Jeremy Kemp s'est passionné pour le mystérieux graveur Paul Mansard.

 La très belle lumière fade de fin d’après-midi d’automne imminent caresse l’adorable jardin de la maison de Mary et Jeremy Kemp, des amis chers de Lady Lys, à Morienne, près d’Aumale. Une brise douce fait frisonner les pois de senteur. Mary, violoniste, et Jeremy, ethnologue, Anglais, ont longtemps vécu dans le Kent. Ils ont acheté cette ancienne fermette en1986 comme résidence secondaire. Devenus résidents français, ils en ont fait leur résidence principale. Docteur en ethnologie, spécialisé dans l’Asie du Sud-Est, Jeremy a étudié dans la même London School que Mick Jagger. «Il était dans la même promotion que ma première femme», sourit-il. Ses autres passions sont les arts et la guerre de 14-18.Il y a huit ans, sur une réderie, à Grumesnil (76), son regard se pose sur deux gravures de procédé aquatinte représentant la Grande Guerre, œuvres d’un certain Paul Mansard. Coup de foudre. Il ne cessera de collectionner les gravures de ce mystérieux artiste dont on ne sait rien. Qui était-il? Un simple soldat? Un artiste? Un Français? Un Belge? A-t-il été fauché par la grande boucherie de 14-18? Mystère complet. Jeremy a effectué de puissantes recherches auprès des plus grands spécialistes, historiens et galeristes. Rien n’a été trouvé. Pourtant, les gravures témoignent d’un réel talent. Nombreuses sont celles qui évoquent les batailles de la Somme et l’Aisne. Jeremy vient même d’écrire un très beau livre en anglais (In Search of Paul Mansard).On rêverait qu’un éditeur français le traduise et le publie pour faire découvrir ce grand et très mystérieux artiste. Autre découverte, grâce à Lady Lys: celle de l’ensemble vocal A Piacere, placé sous la direction de la séduisante Joëlle Lothe. J’ai assisté au concert qu’il a donné au centre Picasso, de Longueau.
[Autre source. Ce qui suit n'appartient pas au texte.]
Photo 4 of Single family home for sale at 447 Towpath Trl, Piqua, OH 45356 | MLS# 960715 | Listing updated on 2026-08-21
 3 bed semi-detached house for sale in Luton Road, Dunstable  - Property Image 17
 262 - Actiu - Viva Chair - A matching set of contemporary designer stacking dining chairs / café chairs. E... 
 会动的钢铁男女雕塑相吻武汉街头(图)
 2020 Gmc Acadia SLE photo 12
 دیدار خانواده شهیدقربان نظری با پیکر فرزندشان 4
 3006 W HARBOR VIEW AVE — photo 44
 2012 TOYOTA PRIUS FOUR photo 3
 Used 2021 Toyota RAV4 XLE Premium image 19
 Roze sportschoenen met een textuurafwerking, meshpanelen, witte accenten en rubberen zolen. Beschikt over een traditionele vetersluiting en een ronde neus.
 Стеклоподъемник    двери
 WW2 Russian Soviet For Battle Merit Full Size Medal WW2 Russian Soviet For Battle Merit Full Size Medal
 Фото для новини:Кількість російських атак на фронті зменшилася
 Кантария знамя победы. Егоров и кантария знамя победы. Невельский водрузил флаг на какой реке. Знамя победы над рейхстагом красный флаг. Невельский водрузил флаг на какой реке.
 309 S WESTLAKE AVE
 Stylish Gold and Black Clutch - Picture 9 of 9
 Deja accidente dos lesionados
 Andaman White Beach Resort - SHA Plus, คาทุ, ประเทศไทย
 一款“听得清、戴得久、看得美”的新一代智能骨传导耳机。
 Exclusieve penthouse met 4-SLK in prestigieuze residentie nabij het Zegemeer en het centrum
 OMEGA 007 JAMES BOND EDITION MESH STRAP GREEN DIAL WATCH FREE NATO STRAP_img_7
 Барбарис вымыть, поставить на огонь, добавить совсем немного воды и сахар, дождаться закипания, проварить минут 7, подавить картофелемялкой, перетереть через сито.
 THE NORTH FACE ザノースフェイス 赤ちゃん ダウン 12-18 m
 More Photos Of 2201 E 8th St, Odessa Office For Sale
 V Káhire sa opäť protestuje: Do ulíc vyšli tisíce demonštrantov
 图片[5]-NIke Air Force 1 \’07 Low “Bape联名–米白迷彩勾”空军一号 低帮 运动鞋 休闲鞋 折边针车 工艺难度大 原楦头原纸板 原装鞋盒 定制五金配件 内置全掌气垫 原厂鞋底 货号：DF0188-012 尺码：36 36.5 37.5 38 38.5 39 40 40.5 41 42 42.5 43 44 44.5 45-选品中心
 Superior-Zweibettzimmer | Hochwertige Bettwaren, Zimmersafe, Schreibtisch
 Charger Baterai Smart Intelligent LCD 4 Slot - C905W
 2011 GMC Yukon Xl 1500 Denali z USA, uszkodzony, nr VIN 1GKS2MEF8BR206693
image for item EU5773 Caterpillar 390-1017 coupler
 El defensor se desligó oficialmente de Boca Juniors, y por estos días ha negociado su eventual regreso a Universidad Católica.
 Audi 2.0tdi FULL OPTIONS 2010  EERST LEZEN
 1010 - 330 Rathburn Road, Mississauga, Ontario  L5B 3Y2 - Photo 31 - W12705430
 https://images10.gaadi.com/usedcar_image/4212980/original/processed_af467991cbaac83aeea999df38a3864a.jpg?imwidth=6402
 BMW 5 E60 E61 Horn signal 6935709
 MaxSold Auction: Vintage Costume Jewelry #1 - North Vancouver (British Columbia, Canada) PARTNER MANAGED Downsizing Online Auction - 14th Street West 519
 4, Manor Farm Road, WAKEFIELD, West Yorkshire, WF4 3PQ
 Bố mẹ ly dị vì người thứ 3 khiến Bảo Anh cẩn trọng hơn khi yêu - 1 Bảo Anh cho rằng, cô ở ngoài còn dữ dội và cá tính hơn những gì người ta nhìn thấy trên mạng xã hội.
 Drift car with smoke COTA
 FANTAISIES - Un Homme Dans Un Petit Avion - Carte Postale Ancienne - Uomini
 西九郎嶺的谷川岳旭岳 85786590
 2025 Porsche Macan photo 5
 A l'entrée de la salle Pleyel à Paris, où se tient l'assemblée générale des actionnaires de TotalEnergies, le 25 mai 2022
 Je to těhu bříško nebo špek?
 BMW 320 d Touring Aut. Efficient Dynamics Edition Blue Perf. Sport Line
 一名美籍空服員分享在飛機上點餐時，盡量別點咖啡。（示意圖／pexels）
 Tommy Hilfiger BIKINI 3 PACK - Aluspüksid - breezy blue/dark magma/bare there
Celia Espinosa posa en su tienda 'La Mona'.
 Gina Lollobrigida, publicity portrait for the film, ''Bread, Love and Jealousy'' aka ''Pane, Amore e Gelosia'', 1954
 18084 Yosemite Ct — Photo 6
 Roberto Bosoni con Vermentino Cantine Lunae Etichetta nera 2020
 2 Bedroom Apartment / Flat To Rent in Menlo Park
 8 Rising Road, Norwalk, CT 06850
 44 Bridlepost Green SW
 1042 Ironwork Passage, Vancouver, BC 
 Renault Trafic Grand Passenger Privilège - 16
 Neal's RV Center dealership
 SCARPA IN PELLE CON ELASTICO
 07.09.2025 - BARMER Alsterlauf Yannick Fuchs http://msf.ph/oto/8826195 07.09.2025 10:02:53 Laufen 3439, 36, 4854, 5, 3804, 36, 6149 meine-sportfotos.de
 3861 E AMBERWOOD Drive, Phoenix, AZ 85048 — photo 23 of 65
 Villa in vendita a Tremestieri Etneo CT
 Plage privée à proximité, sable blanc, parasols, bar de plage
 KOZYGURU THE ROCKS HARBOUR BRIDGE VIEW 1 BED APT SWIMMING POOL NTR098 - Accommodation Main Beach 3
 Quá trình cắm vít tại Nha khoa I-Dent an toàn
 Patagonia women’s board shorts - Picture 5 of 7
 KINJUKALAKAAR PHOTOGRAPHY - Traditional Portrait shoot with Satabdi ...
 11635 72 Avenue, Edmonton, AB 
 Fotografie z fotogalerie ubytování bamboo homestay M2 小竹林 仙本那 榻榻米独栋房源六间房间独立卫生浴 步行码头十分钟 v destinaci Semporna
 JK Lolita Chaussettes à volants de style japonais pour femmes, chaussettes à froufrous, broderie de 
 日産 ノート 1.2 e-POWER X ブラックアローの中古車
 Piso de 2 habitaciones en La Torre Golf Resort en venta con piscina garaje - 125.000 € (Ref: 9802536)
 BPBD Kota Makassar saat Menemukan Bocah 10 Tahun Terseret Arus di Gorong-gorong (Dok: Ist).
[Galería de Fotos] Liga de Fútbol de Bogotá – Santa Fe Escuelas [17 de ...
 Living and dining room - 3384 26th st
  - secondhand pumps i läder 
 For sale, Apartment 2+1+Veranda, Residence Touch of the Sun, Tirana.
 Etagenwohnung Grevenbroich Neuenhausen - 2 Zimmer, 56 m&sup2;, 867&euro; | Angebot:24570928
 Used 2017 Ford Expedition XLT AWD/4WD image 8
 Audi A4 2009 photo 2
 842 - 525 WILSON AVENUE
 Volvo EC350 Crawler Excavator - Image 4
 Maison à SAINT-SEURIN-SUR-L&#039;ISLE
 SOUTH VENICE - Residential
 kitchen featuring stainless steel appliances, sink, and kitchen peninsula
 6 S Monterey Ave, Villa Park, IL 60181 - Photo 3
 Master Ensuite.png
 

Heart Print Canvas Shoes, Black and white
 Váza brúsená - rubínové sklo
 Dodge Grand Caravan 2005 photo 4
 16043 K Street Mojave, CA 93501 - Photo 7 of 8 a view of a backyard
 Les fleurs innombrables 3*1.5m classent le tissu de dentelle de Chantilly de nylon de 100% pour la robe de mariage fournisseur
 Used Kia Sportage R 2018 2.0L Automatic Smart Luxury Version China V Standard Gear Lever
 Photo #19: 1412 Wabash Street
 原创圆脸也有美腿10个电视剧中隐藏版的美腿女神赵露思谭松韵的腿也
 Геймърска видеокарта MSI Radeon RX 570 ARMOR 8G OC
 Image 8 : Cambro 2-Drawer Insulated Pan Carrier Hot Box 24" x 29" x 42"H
Moi, le fou furieux de rock’n’roll, qui, jusqu’à présent, pensais que Josquin des Près était le nom d’un trotteur, Monteverdi l’avant-centre de l’Inter Milan, Clément Janequin un cuisinier réputé, Luzzasco Luzzaschi le batteur d’Adriano Celentano, eh bien j’ai adoré la prestation d’A Piacere dans lequel chante mon ancien voisin et copain Patrick Thiébault, coiffeur, avenue Henri-Barbusse à Longueau (où j’ai vécu quatre ans avec ma grande didiche de Lou-Mary), et dans lequel a chanté la conteuse lyrique Catherine Petit avec qui j’ai écrit mon dernier livre, Le dernier hiver de Victor (éd.La Licorne). Tu sais tout, lectrice puissamment convoitée.

Dimanche 23 septembre 2012.

Pluie de presque automne sur les rouleaux d’été

Guillaume Lecoque, excellent photographe et passionné de voyages.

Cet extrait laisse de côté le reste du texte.